# UAC fund raiser??



## north slope (Sep 8, 2007)

If any of you know Gerald at UAC you know what a great guy he is. He does a lot for anyone that comes into his store. With this recent break-in, I was wondering if anyone would be interested in putting on a shoot or something and all proceed go to the shop. Any ideas? I just think I would be a way to give back to a good friend.


----------



## Treehugnhuntr (Sep 7, 2007)

I'll donate a half dozen Axis ST 340's and come to/assist in organizing/help out on a shoot, if that's what you have in mind.

T


----------



## north slope (Sep 8, 2007)

Ya, that is what I am thinking.


----------



## idiot with a bow (Sep 10, 2007)

My brother has always had the idea of doing a "March Madness" tournament style shoot down there. A 64 person bracket, 1 on 1 event. My bro actually ran this about 7 years ago at the old sportsman's shop with great success. He tried to get it going last year, but there was never a good date to get it going. 

What he had in mind, was to have people come in to qualify throughout the week, and take the top 64 and seed them accordingly. Would be fun for this time of year I think. G knows enough people in the business to get them to donate $ and prizes. My company (Summit Tile and Stone, serving all of your tile needs!) would be a proud sponsor and organizer of this event. I would love to work hand in hand with Tree (one of the all time best and funniest posters ever) and Slope (the best understander of holidays and their proper dates ever) to make this happen.

Peace


----------



## north slope (Sep 8, 2007)

Lets do it! I will talk to G and see if we can get a date.


----------



## Treehugnhuntr (Sep 7, 2007)

Alright, it's on.


----------



## north slope (Sep 8, 2007)

I talked to G and most Saturdays are open. Tex said we should try to get people to donate prizes of any kind from there work or whatever, that way the prizes go to the shoot and the $$ goes to the shop.


----------



## Mountain Time (Sep 24, 2007)

Sounds like fun too me. I am not that a great a shot but I would like to help Gerald out so I will donate some money to shoot. 

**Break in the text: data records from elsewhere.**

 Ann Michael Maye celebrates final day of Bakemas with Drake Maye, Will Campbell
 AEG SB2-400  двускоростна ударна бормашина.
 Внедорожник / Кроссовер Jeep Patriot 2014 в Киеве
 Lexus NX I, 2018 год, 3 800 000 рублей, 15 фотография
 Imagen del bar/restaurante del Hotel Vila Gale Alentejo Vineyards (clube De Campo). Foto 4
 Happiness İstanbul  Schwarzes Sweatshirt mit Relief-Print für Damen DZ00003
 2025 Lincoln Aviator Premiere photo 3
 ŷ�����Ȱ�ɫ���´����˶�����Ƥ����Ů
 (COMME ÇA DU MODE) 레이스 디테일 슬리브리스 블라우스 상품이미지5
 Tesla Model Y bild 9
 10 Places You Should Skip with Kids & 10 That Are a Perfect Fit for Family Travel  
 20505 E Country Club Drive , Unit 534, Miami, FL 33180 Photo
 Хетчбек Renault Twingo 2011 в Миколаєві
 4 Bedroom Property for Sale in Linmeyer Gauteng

I have a couple boxes of 2" blazer vanes (1 yellow box and 1 white box-100 pack boxes) that I would be willing to donate to the cause. Let me know if you want them.

Saturdays are good, especially if there is not another shoot going on.


----------



## Riverrat77 (Sep 7, 2007)

Good idea NS. I'd donate the money for the entry or winnings or whatever.... even though I'd probably go out in the first couple rounds. :lol: It'd be fun and after the whole breakin deal, it would be cool of the folks who frequent the shop to do something.


----------



## north slope (Sep 8, 2007)

This shoot is all about having fun and putting some $$ back into the UAC. Anything we could get for donation will be great. This is still in the planning phase so any ideas/help is apprecitated .


----------



## alpinebowman (Sep 24, 2007)

This all sounds great. slope make sure you keep the uba shoots calender in mind so we don't have any conflicts that might take shooters away.


----------



## north slope (Sep 8, 2007)

alpinebowman said:


> This all sounds great. slope make sure you keep the uba shoots calender in mind so we don't have any conflicts that might take shooters away.


I am clueless so guys like you have to let me know when a good Saturday would be.


----------



## .45 (Sep 21, 2007)

I don't even know the guy !!

You guy's say he's a good guy ? Thats good enough for me...I'll wait for the signal and maybe I could also help out....


----------



## Mountain Time (Sep 24, 2007)

I just looked at the UBA calendar and there are events on the 8th, 22nd and 29th of March. I saw a post by GSPS ROCK(I think) about an indoor shoot on the weekend of the 15th for the Cache Valley archers. The UBA schedule is packed for April as well. Looks like there is going to be conflict with another shoot no matter what weekend you choose. March 1st looks open as far as I can tell but I don't know if that would be enough time to get the word out....?


----------



## TEX-O-BOB (Sep 12, 2007)

Lets treat this just like a DU banquet or any other fundraiser.

The shoot will be the primary reason we all get together. We'll have prizes for the top shooters but we'll also have a buch of donated stuff to auction off and give away in a raffle as well. The more the merrier, so lets all get out there and pool our resources to make this happen.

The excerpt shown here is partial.